Just as too | Reviewer: Pearla Laura | 9/8/09
I am in the same boat as all the people who have commented this post. It has been 8 painful months since I let the man I fell hardest for get away, I met him as he worked on my home, we had one night of pure heaven, incredible talking, beautiful kissing and somehow he did it, got away and still remains deeply impressed in my heart. He is the one person I compare every man too, and noone seems to fill the gap he did. No one is yet to come close to him, and this song expresses rather well everything I want to say. I still don't know if he has someone else, but that thought kills me. I guess everyone has one, the one that got away. I feel for you all, it's the most painful experience.

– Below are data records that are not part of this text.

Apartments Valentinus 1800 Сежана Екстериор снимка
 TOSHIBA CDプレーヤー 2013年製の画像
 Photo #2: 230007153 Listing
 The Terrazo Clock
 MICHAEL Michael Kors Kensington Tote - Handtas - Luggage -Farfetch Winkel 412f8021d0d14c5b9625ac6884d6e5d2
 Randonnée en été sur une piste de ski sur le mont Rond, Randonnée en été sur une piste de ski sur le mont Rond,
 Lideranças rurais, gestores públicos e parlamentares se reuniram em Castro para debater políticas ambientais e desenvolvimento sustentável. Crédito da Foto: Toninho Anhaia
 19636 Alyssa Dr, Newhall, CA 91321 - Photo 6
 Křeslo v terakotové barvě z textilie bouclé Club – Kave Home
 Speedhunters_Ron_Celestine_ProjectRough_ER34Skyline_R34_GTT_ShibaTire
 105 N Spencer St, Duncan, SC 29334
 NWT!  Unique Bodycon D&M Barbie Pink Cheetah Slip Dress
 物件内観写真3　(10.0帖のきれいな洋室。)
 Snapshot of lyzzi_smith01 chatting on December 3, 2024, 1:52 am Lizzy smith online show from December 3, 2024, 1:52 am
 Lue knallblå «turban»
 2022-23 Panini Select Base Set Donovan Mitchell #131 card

i let him get away | Reviewer: Anonymous | 9/29/08
yeah, the same happened to me. met the guy of my dreams! he was definately the one...but i let him get away...it's been 6 months without him, and i know he was the one. i know it in my heart. I guess everyone has one that gets away. I'll always regret losing him. I'm 25 now it's going to be really hard to go on the rest of my life without him.
I can identify as well | Reviewer: Rachel Shaw | 8/28/08
8 years ago I was 18 and let the best thing that ever happened to me get away. I have been on a quest since that day to find someone to replace him and the love I had for him. 8 years later with another man and a baby, my heart still aches for my first true love. A part of me feels we were soulmates and destined to be together forever. It never happened.
Really connected with the lyrics...... | Reviewer: Ken Adams | 8/7/07
This same thing happened to me. I let the one, THE one, slip away. It's been six months and I can still remember every vivid detail. P!nk's song makes you want to laugh and feel happy and cry all at the same time.